Ele ainda se posicionou contrariamente à concessão do terreno do parque à iniciativa privada, pois considera que a construção e a manutenção do bulevar poderiam ser realizadas pelo poder público.

Diversos participantes da reunião criticaram a proposta do deputado federal. André Azevedo avaliou que a construção de mais pistas rodoviárias não melhoraria a mobilidade na região. “Quanto mais adensarmos a ocupação, pior vai ficar a situação; a água que nasce na Estação do Cercadinho vai acabar, se impermeabilizarmos o solo”, declarou.  

Para Claudia Pires, arquiteta e assessora do Parque Linear, a ideia do bulevar deve ser completamente rechaçada. “Estamos propondo que a Assembleia faça chegar ao governo federal uma mensagem diferente da desse projeto que foi apresentado por Newton Cardoso Jr. Quero ver esforços desta Casa para cancelar o leilão”, cobrou.

Leis protegem área do parque 

Na avaliação do deputado João Leite (PSDB), mesmo que o terreno seja vendido pela União, a legislação conta com fortes instrumentos de proteção para aquela área. Ele citou as Leis estaduais 15.979, de 2006, que criou a Estação Ecológica do Cercadinho, e 23.230, de 2019, que reconhece como de relevante interesse cultural do Estado as linhas e os ramais ferroviários existentes em Minas Gerais.

Também lembrou da Lei federal 9.985, de 2000, que institui o Sistema Nacional de Unidades de Conservação da Natureza e, em seu artigo 41, cria as reservas da biosfera. “O que são a Serra do Curral e a Estação do Cercadinho senão reservas da biosfera, reconhecidas pela Unesco?”, completou.

Já o deputado Mauro Tramonte mostrou-se preocupado com a possibilidade de o leilão ocorrer e, uma vez vendidas, as áreas se tornarem terrenos para especulação imobiliária.
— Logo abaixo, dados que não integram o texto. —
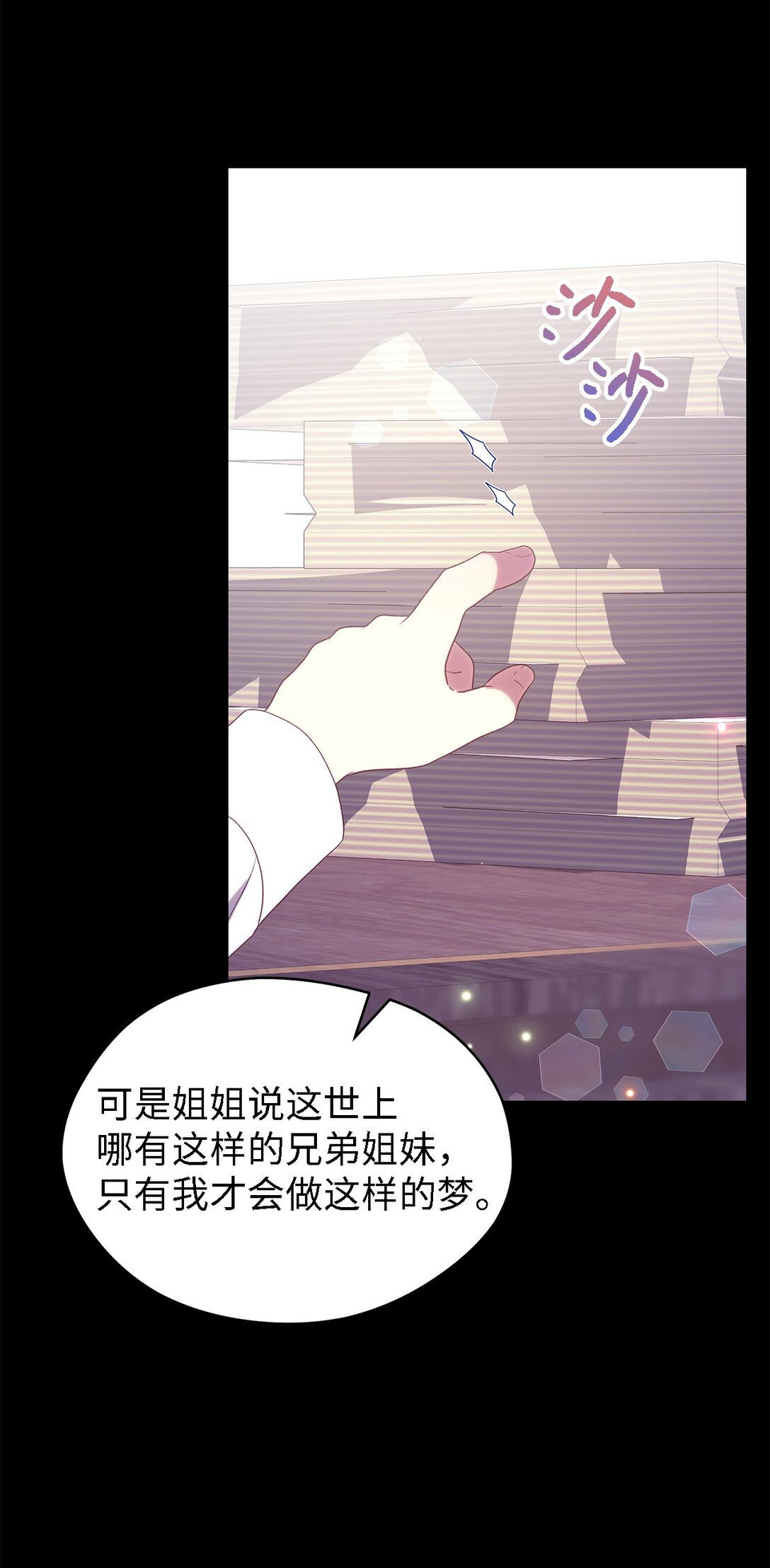 《魔女无法悠闲生活》123 责任的意义 第7页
Ele citou proposta de emenda à Constituição (PEC) de sua autoria que trata do tombamento, para fins de conservação, da Serra do Curral. Ele ainda lamentou a ausência de representantes do governo federal na reunião. 

O deputado Gustavo Mitre (PSC) defendeu o projeto de criação do parque linear. Segundo ele, é possível viabilizá-lo contemplando os interesses ambiental e social. Por isso, rechaçou a ideia de leiloar a área.